Its centrality was explained by Maryam Khalaf, an elder from Ras Al Khaimah whose life was shaped by the palm.

"The palm is the father, the mother, the everything," Ms Khalaf  told The National in 2011.

"For the ship, for the home, for the food, everything was from the palm.”

Families migrated from coast settlements to palm orchards in the interior for the annual summer harvest.

Girls learnt at a young age to weave fronds into household items. Mats, fishing traps and even houses were built of frond and fibre. The creekside settlement of tightly woven palm houses known as khaimah, gave the emirate Ras Al Khaimah its name.

East coast fishermen went to sea on the shasha, a small craft of fronds, bound with fibre and packed with date palm stalk for buoyancy.

Date palms outnumber humans by four to one in the UAE.

The UAE exports 345,000 tonnes of dates per year and accounts for a third of the global date trade.

Today, scientists study how this hardy tree could shape the future, as a source of biofuel, a carbon sink and a drought tolerant crop.

Its cultural appeal remains, thanks in part to government-sponsored date palm festivals that inject millions into farms with lucrative prizes.

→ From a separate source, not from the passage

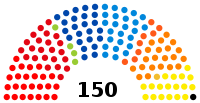 Elecciones federales de Bélgica de 2003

Prizes are awarded for the best dates, farms and even a fiercely contested title for the heaviest branch.

The relationship between man and tree has produced a rich cultural heritage maintained to this day, said Unesco.

“The date palm, [its] knowledge, skills, traditions and practices have played a pivotal role in strengthening the connection between people and the land in the Arab region, helping them face the challenges of the harsh desert environment.”

2019 entries on the Unesco list

- Armenian letter art, the decoration letters with knots, animals and mythical creatures used in embroidery, carpet weaving, jewellers and other artisans.

- Alpinism, the art of climbing mountains in rocky or icy terrain. Submitted by France, Italy and Switzerland.

- Byzantine chant, a musical tradition of the Greek Orthodox Church. Submitted by Cyprus and Greece.

- Churning Airag, fomented mare’s milk, in a cowhide vessel. Submitted by Mongolia.

- Ethiopian epiphany, a festival celebrated to commemorate the baptism of Jesus Christ by John the Baptist. Submitted by Ethiopia.

- Crafting and playing the Dotar, a two stringed lute found in Iran and Central Asia. Submitted by Iran.